Even with those policy changes, if they occur, the Government will be working uphill, as I have said, unless they are willing to look at the evidence of the relationship between our drug prohibition laws and knife crime and many other societal problems, although today of course we are concerned with knife crime.
I hope that noble Lords will bear with me if I spend a couple of minutes explaining why I have fairly recently come to the view that the legalisation of cannabis for adult social use would do more to deal with knife crime than any other initiative. The Government seem to accept that most knife crime occurs because youngsters are caught up in drug gangs or carry knives in case they are attacked by a gang wanting to recruit them. The demand for cannabis is on a different scale from the demand for any other drug, so what would a legal cannabis market look like? The legal cannabis would be a well-balanced, uncontaminated product. Good up-to-date research has shown that that sort of product has no risk of causing psychosis. There has been a lot of publicity about cannabis causing psychosis, but it absolutely does not. The illegal stuff does but a legal product would not.
The only other possible risk from cannabis is of inhibiting brain development in children.

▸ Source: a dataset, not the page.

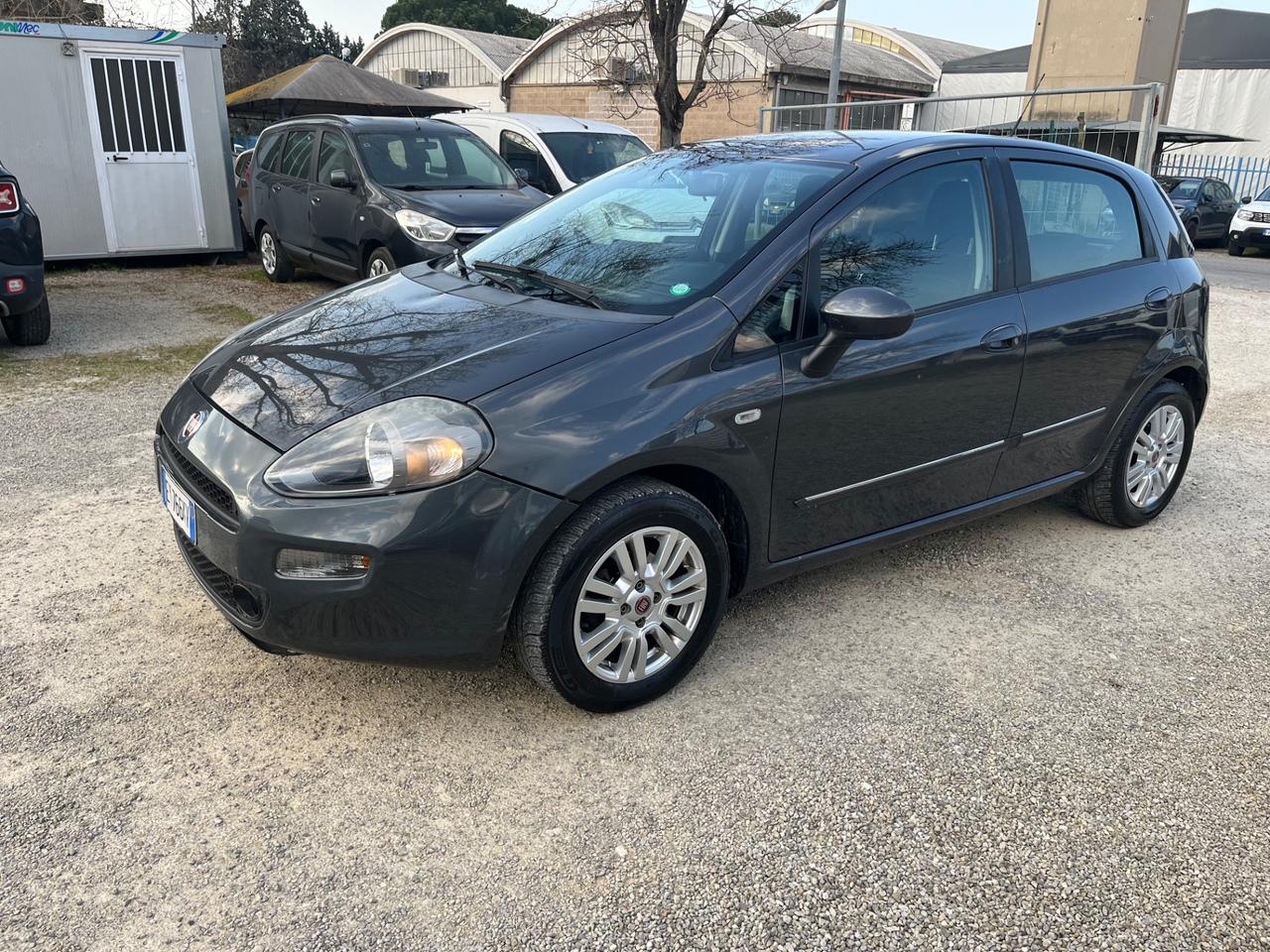 Fiat Punto 1.2 8V 5 porte Lounge 2015 123.000 km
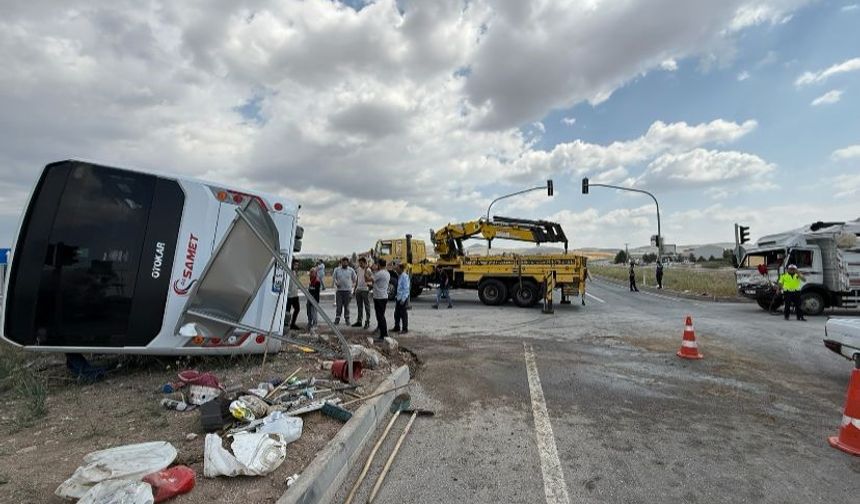 Personel servisi ile canlı hayvan yüklü kamyonet çarpıştı: 3 yaralı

If legalisation led to more children taking cannabis, I would not support it, but the US evidence suggests that that is simply not the case. In Colorado, the use of cannabis by teenagers has fallen, and in the other legalising states it has remained much the same as it was before the change in the law.
If the supply of safe cannabis were regulated and available only in pharmacies or other legal outlets, the illegal market would largely collapse. Yes, skunk would continue to be available from the drug dealers, but if young people could buy legal cannabis safely from somewhere else, children would not find their way to the illegal drug dealers. No doubt children would get hold of the legal product—they get hold of alcohol, after all—but it would be considerably safer than what they take at the moment. The important point is that the cannabis they got hold of would not be skunk. That is crucial. Skunk is horrible, dangerous stuff. What about class A drugs? We do not know the proportion of cannabis users who move on to class A drugs but we know that the gateway effect is crucial. This would end. There would be separate markets for legal cannabis and illegal drugs.
I realise that the Minister cannot respond to any of those comments until we get a new Home Secretary but, if and when we do, I hope that I can have a discussion with him about the possibility of revisiting the terms of reference of Dame Carol Black’s review.